In the case of waiting, experience does not generate expertise. We all have experience waiting. We endure short-term waiting in lines, at stoplights, or for commercials to be over. We endure long-term waiting for decisions to be made, diagnoses to be given, and events to occur. With all this experience, we think we should be good at it.
Unfortunately, we aren’t usually very good at waiting.
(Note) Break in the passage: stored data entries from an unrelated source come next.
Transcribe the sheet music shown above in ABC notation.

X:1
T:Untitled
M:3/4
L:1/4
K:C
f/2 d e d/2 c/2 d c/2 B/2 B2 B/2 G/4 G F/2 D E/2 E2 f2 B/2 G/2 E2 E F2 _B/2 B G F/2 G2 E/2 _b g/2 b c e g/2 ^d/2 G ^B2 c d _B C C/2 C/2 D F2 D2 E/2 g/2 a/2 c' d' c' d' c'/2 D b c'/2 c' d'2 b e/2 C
We wait in a variety of unhealthy ways: passively, helplessly, anxiously, and angrily. Waiting is so pervasive and encompassing it moves beyond being a mental act, causing bodily responses such as thumb twiddling, hand wringing, nail biting, and fist pounding. I can remember feeling physically sick as my husband and I waited for our son, Max, to come to our family from an orphanage in China. Thirteen months felt like an awful endlessness.
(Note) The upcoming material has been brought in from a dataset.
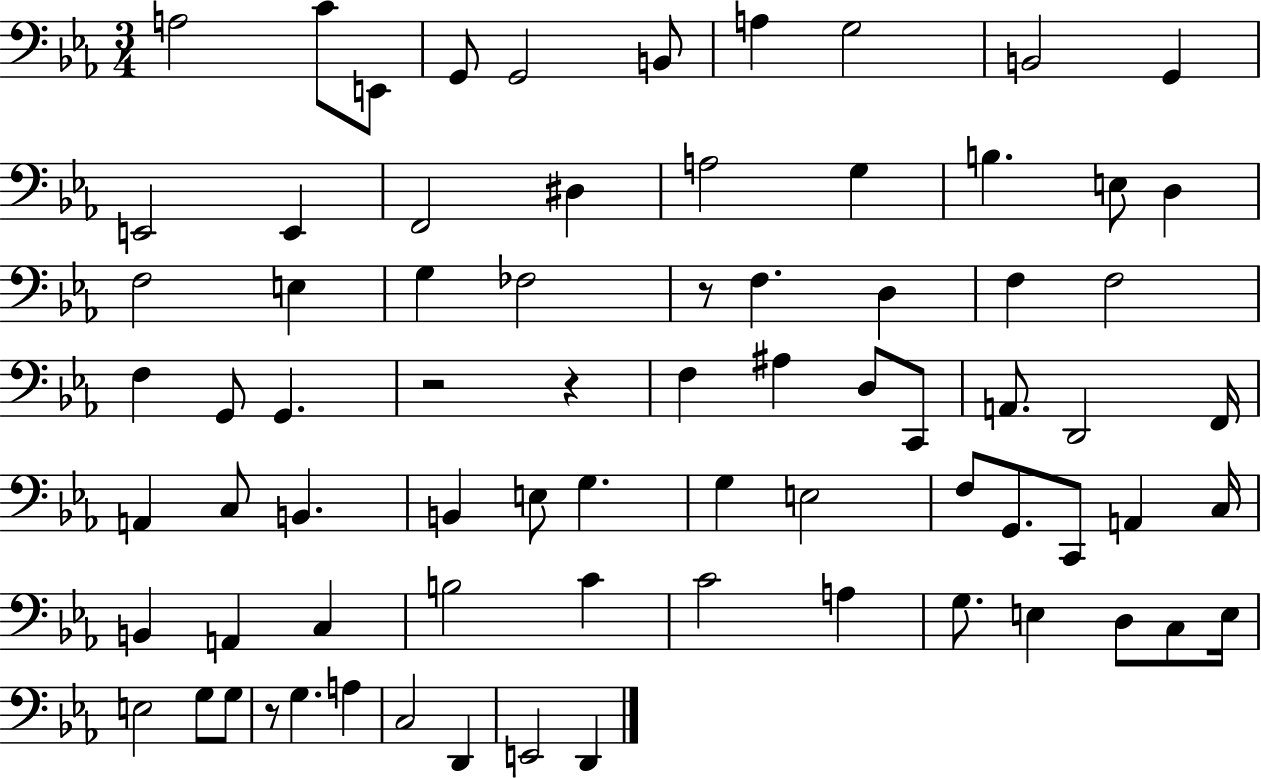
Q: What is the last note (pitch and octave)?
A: D2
During this very uncomfortable wait for Max, I was driven to consider waiting in better ways. I was led to two Advent readings, one by Christoph Friedrich Blumhardt, titled Action in Waiting (1998) and another by Henri Nouwen, titled Waiting for God (1993). Blumhardt, introduced me to the significant and rudimentary idea that daily waiting, like the types mentioned above, is meant to remind us of our ultimate wait for the Lord’s return. Waiting can be seen as a blessing rather than a curse because it prompts us to look for Christ at work on earth and Christ coming to earth. Nouwen showed me that the Bible is full of “waiters”—Zechariah and Elizabeth, Mary, Simeon and Anna—and these people are representative of the remnant of Israel. Nouwen asks and answers the question, “How are they waiting, and how are we called to wait with them?” Nouwen’s conclusions are insightful and practical:
• People who wait have received a promise that allows them to wait.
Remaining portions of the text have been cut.